Published on March 31, 2021 by Content admin

BPP recently hosted its ‘Step Up to the Bar’ webinar which included various interactive activities and panel discussions aimed at developing skills and providing an insight into the Bar. The evening was broken down into four areas;

  • an interactive speed mooting workshop, which will test your research, application, advocacy and communication skills;
  • a Q&A session about how to succeed in scholarship and pupillage interviews;
  • an expo where you can hear from the four Inns of Court about membership of their Honourable Society and speak to BPP about our scholarships; and
  • a pupillage panel where pupils and junior barristers will discuss what chambers look for in graduates.

Each area provided its own lessons, with hosts and panels available for feedback and advice throughout. However, there were some lessons that stood out. Read about them below.

1. Journey to the Bar

The most emphasised message throughout the webinar was that there is no one route to the bar. All of the pupils of the panel had passed through different routes, some taking years out, others working in industry before being successful in pupillage applications and others who received pupillage during university. However, despite the various routes, each panel member reiterated similar advice in reaching pupillage.

The first was that no experience was bad experience. Multiple members of the panel had taken years out to travel, work in non-legal spheres and volunteer in various organisations and all echoed the various transferable skills each experience provided. Therefore, non-legal jobs and other volunteering that develop skills relevant for the Bar, such as written or oral advocacy, time management, work ethic, or integrity, to name a few, is valuable experience to be respected.

The second piece of advice that was echoed throughout the panel’s journeys was that setbacks are inevitable in a journey as long and competitive as the Bar, but how each individual reacts will attest to their success.
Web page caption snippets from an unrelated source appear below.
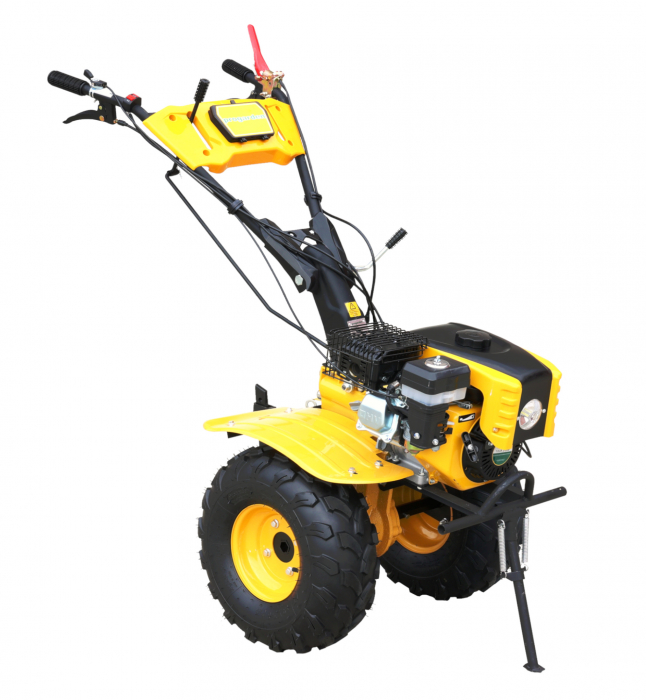 Motocultor ProGARDEN Campo 873 Alpine, 7 CP, benzina, 2+1 trepte, roti ATV, 2 prize putere [2]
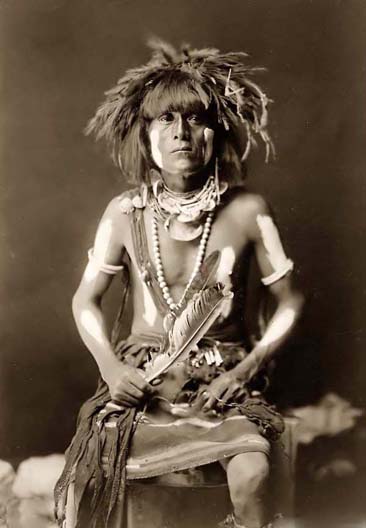 Hopi Snake Priest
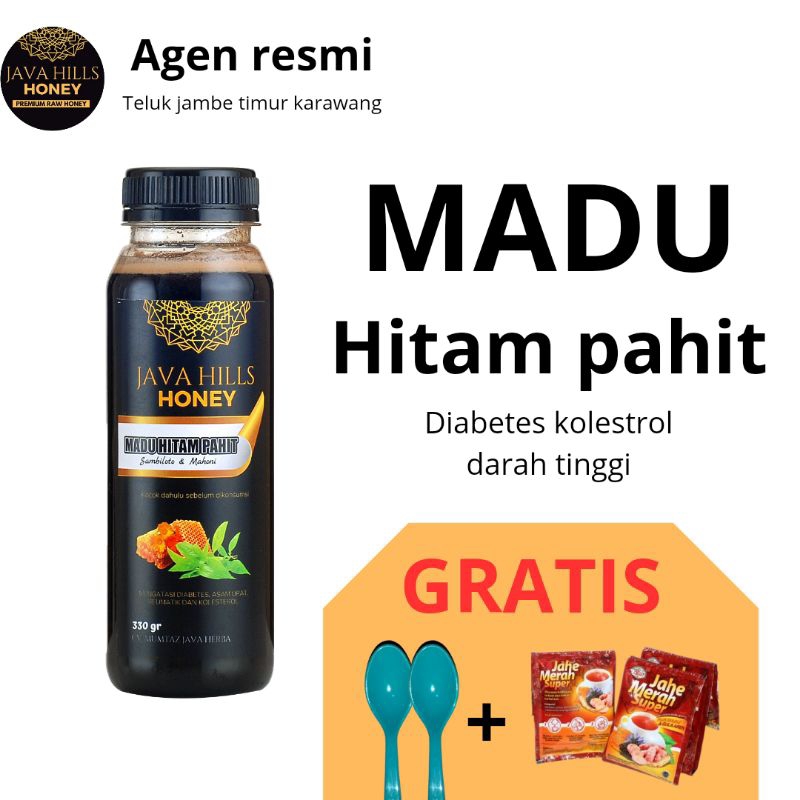 

MADU HITAM PAHIT JAVA HILLS HONEY | MADU JAVAHILLS rematik diabetes kolestrol darah tinggi Jantung DAUN SANBIROTO DAN MAHONI MADU ASLI 100% MADU MENTAH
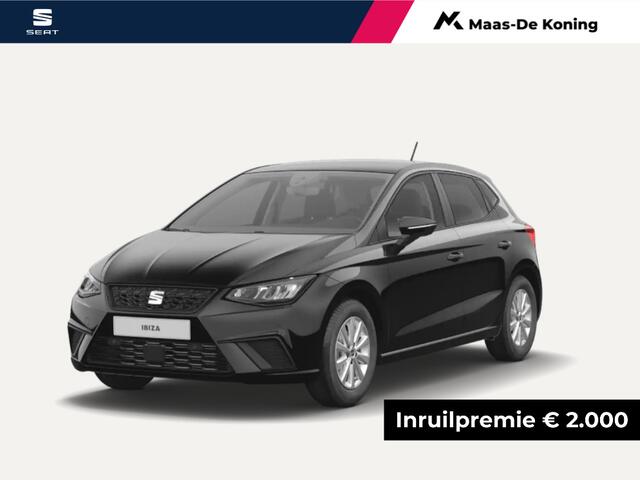 Seat IBIZA Style Business Connect 1.0 EcoTSI 85 kW / 115 PK H 7 versn. DSG | inruilpremie 2000,-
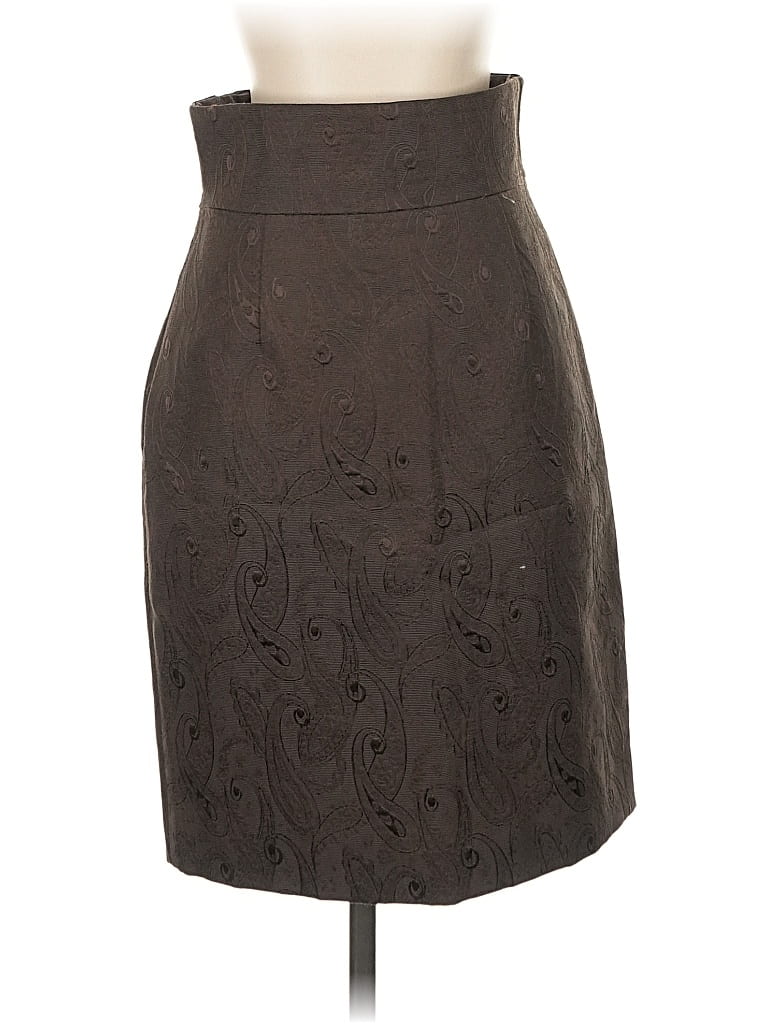 Click to view more detailed imagery on our partner's website Pre-owned Antonio Melani Formal Skirt In Brown
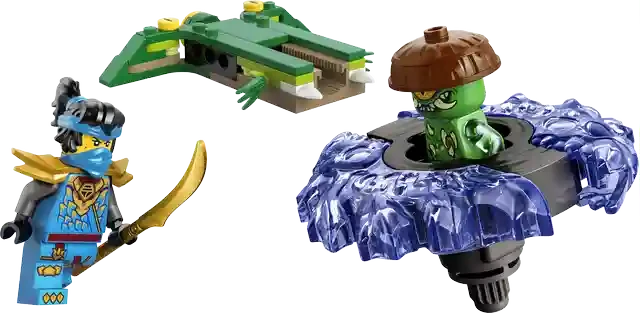 Lego 71849 NYA VS. ELEMENTAL MONSTER SPINNER 5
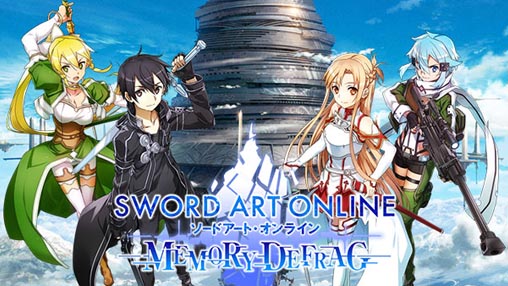 Download SWORD ART ONLINE Memory Defrag v3.0.2 MOD APK [Mana Infinita]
Each panel member had faced their own setbacks, but all advised in trusting the process and demonstrating resilience. This message was most compellingly exhibited by the panel member who had not been successful in attaining a Bar scholarship initially and instead worked as a paralegal for a year, stating that without this challenge they wouldn’t have the understanding or skill they have now that allowed them to be successful the second attempt around.

2. Getting Involved at University

Involvement in certain activities throughout university can support your CV and improve the skills necessary for success at the Bar, with the repeated advice being, “do a little, often”. Many activities offered at university were cited as providing transferable skills, any team sports, academic clubs and arts societies are sources of valuable skills that can be developed in the success of the Bar.

However, the most discussed activity was mooting, not only for its invaluable experience as to the advocating demands of the Bar, but its ability to support applications and interview success through its development of composure and confidence. Involvement in mooting also provides testimony to understanding the role of barrister and success within the field, experience and understanding that can open doors.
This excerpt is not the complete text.